Pogo is a distributed supervisor for clustered Elixir applications.
It uses battle-tested distributed named process groups (:pg
) under the hood to maintain cluster-wide state and coordinate work between local supervisors running on different nodes.
Features of distributed supervisor:
- automatically chooses a node to locally supervise child process
- a child process running in the cluster can be started or stopped using any local supervisor
- ensures a child is started only once in the cluster (as long as its child spec is unique)
- redistributes children when cluster topology changes
In that aspect it’s similar to Horde or Swarm, but doesn’t provide a distributed registry (Horde and Swarm do). Internals obviously are different - Horde uses ∂-CRDT, Swarm uses Interval Tree Clock for synchronization. Pogo’s local supervisors don’t exchange messages to synchronize state, but rely on Erlang’s process groups, observe their memberships and adjust their local state based on it.

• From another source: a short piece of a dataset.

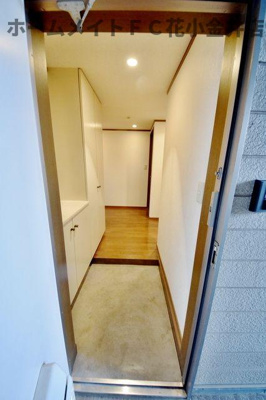 【玄関】 | クレストハイツ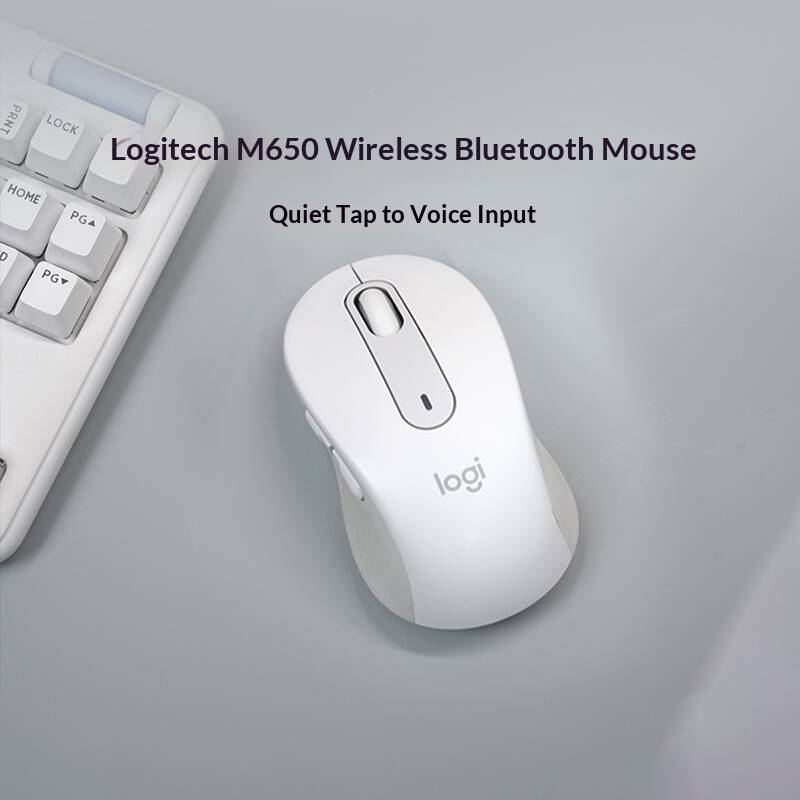 ماوس لاسلكي مريح من لوجيتك M65 - مراجعة Pc Gaming Logitech وسعره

For anyone interested, Pogo’s inner workings have been detailed in an introductory blog post .
To provide some context, the library was developed at Telnyx as an alternative to Horde as we couldn’t overcome some problems that TBH could have been peculiar to our environment (20+ node cluster with quite dynamic membership). Not that it went smoothly but since version 0.3 it’s been quite stable.